Wednesday, February 21, 2007
I've been thinking about a post on this topic when I saw that Katha Pollitt has crystallized my thoughts perfectly at TPM Cafe,
...much as I admire A and M, I was amazed that the Edwards campaign hired them in the first place. The man is running for president, not king of the blogosphere, and he's running now, not in some putative future when words like "christofascist" and "fuck" have lost their punch. He wants -- he needs -- the votes of people who have never looked at a blog in their lives, who are deeply religious, culturally staid, and easily offended in about a thousand ways. Would those unemployed mill workers Edwards likes to talk about see Amanda's "vulgarity" as populist and fun? or as smartypants elitism? How many Catholic undecideds think that joke about the Virgin Mary was funny and/or a sly critique of sexism in the church versus how many see it as rude and insulting, or would think so, after they'd heard it a thousand times thanks to William Donohue? It's all very well to dismiss as outmoded people who respond poorly to obscenities and dirty jokes about religion. Fact is, there are a lot of them. A candidate would be out of his mind to alienate them over a staffing matter.Exactly.
Tuesday, February 20, 2007
If you have not already seen it, you have to read the WaPo expose on the treatment of our wounded soldiers at Walter Reed Army Medical Center.
Once you've read it, call your Senators and Congressman, tell them you are shocked and ashamed, and ask them what they intend to do about it!
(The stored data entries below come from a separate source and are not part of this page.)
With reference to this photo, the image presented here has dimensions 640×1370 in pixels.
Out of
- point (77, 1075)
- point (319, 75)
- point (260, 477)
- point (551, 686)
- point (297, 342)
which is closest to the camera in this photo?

Soldiers Face Neglect, Frustration At Army's Top Medical Facility
Here's the lede,
Behind the door of Army Spec. Jeremy Duncan's room, part of the wall is torn and hangs in the air, weighted down with black mold. When the wounded combat engineer stands in his shower and looks up, he can see the bathtub on the floor above through a rotted hole. The entire building, constructed between the world wars, often smells like greasy carry-out. Signs of neglect are everywhere: mouse droppings, belly-up cockroaches, stained carpets, cheap mattresses.
Sunday, February 18, 2007
After pointing out that Bush took a hard line 4 years ago with non-nuclear North Korea, only capitulate upon the detonation of a nuclear weapon the Bush administration choses the same failed course of action with Iran.
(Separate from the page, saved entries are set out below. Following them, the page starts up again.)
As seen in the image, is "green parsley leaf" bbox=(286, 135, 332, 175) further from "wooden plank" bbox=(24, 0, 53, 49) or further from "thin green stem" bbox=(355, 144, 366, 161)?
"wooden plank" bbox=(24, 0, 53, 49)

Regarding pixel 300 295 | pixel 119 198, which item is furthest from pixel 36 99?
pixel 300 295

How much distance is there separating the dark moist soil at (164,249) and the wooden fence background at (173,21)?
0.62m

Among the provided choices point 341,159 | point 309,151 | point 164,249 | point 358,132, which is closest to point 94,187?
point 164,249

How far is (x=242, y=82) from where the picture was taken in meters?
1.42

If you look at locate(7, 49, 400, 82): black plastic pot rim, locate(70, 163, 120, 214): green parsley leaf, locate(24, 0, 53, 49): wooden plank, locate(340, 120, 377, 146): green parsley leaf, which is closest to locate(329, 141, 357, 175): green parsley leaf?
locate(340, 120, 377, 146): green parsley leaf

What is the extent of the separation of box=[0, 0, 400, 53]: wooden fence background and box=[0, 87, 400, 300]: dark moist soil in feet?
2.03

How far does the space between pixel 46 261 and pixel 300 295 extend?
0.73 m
...here’s the curious part: Mr. Bush’s aides worked out this “first step” in one-on-one talks in Berlin of the kind the White House refused to hold a few years back, while North Korea was still busily producing nuclear fuel to make its next generation of weapons. Those are exactly the steps Mr. Bush refuses to take with Tehran.
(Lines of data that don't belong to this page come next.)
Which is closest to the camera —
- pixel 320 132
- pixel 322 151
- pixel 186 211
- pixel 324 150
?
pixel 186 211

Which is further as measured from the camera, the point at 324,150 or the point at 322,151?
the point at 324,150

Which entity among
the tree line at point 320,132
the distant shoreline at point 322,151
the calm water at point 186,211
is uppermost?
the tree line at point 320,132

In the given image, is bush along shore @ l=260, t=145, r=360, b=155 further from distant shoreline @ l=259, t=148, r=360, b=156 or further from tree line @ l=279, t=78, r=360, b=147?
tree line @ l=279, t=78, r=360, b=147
On Wednesday, even while celebrating the North Korean deal, Mr. Bush repeated his bottom line on opening talks with Tehran: They must stop enriching uranium first.
So what explains the difference? Why talk to one brutal regime that imprisons its dissidents in gulags, while refusing all kinds of advice — from Republicans, the Iraq Study Group, and others — to start talking to Iran?
Mark talks to a lot of people and cites some interesting polling data but wisely leaves the conclusions to the reader.
And while it's true that,
...issues once largely walled off to the liberal hinterlands have suddenly gained mainstream acceptance and urgency. “There does seem to be momentum around a set of issues that have traditionally been the property of the left,” says David M. Kennedy, the Stanford University historian.This doesn't mean the country has suddenly gone to Berkeley. The fact is, these issues have never been far from the surface of mainstream thought.
Presidential candidates, for instance, can now safely utter “universal health care” without being tarred as supporters of “socialized medicine.” Polls show increasing support for raising the minimum wage, stem-cell research, gay and lesbian civil unions, alternative-energy initiatives and increased financial aid to offset the escalating cost of college.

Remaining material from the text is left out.